Godot Is The Best Engine - Godot vs Unity



This is a video I made to compare these two engines. The transcript is below, enjoy!


So, this is a new series I’m doing where I’ve decided I’m gonna be an unpaid shill for the Godot engine, and compare it to some other engines. This first episode is going to compare Godot to its obvious competitor, the Unity engine.

At a first glance, Godot and Unity are not so different from each other. Having said that, Unity puts a massive emphasis on its 3D editor, while Godot is primarily made for 2D development. That’s a pretty big difference right off the bat, I mean they are primarily designed for two completely different jobs. However, given that they both have support for 3D and 2D editing, they can be suitably compared.

While Godot’s 3D renderer isn’t the best thing in the world, Unity’s 2D renderer is literally just the 3D renderer locked into an orthographic viewport.

The fact that Godot at least uses a separate dedicated renderer for 2D is an advantage in itself, seeing as that minimizes the amount of performance overhead that may otherwise be detrimental to applications that rely on a high frame-rate- which just about all games do.

Another thing that Godot has over Unity is that Godot is totally free. While Unity is proprietary and closed source, Godot is maintained by around a hundred developers on Github under the MIT license. This means that Godot is free as in free speech, not as in free beer. Stallman would be proud.

Leading on from this, Unity forces users of the free version to have a “Made with Unity” splash screen at the beginning of their game. Godot has no such limitation. Though it is there by default, it can be either changed or totally disabled as the user wants.

I will give Unity some credit, in that it does not use its own constructed programming language for the programmatic side of things. This is a genuine advantage that Unity has over Godot. However, having said that, Godot’s GodotScript can be made to integrate with precompiled C++ modules very easily, for more performance-sensitive tasks.

A massive thing that Godot has above Unity is the fact that Godot is cross-platform, and available on Windows, Mac, and Linux. This is very important for myself, considering that I use Linux as my primary operating system and Unity crashes usually within about 5 minutes of work. Last time I checked, right clicking on a drop-down menu forced it to close as of about 6 months ago.
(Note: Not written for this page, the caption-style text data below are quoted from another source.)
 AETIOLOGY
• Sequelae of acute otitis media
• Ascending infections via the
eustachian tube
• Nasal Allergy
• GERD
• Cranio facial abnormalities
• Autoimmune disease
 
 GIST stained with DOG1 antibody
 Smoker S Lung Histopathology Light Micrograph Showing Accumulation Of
Also, Godot exports to BSD running X11. Just consider that for a moment- what other engine even acknowledges BSD exists? I don’t think anyone developing the Unity engine knows what BSD is, but that’s speculation more than a criticism of their product.
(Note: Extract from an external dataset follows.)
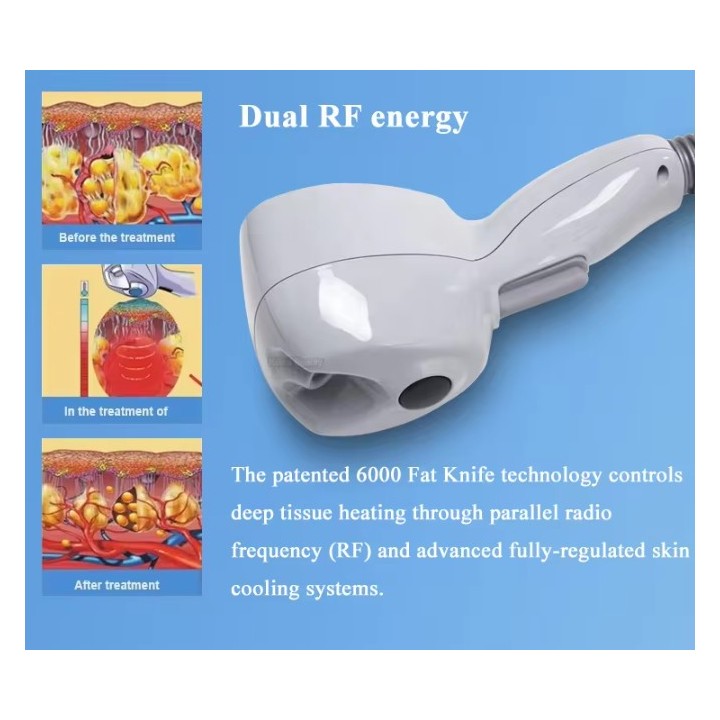 Exili ultra 360 RF veido liftingas kūno lieknėjimo | Medisa.lt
Regardless, Godot’s user interface is a lot more intuitive, at least in my opinion. It makes efficient use of space and colours, something which I do not feel Unity does as well. A petty complaint, but if there ever was a time to say it then hey, here it is.
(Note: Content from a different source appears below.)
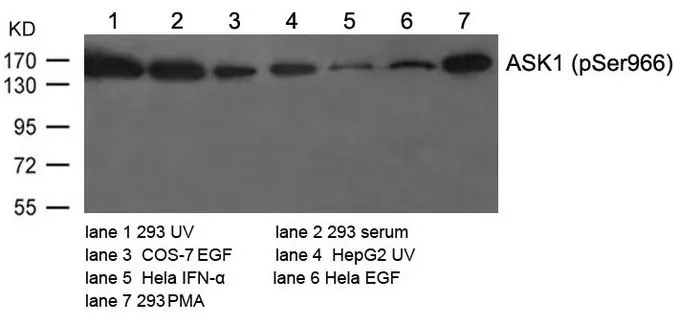 WB analysis of extracts from various cells using GTX50229 ASK1 (phospho Ser966) antibody.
Also, Godot’s mascot is better than Unity’s so fu

Now look, obviously I’m not saying that Unity is a bad engine. Objectively speaking, it’s powerful and has been used for a number of very high-profile cases. Having said that, Godot beats Unity at every level in so far as 2D is concerned. I haven’t used Godot’s 3D options so I can’t speak much to that, but I’m confident in saying that it’s a worthy contender.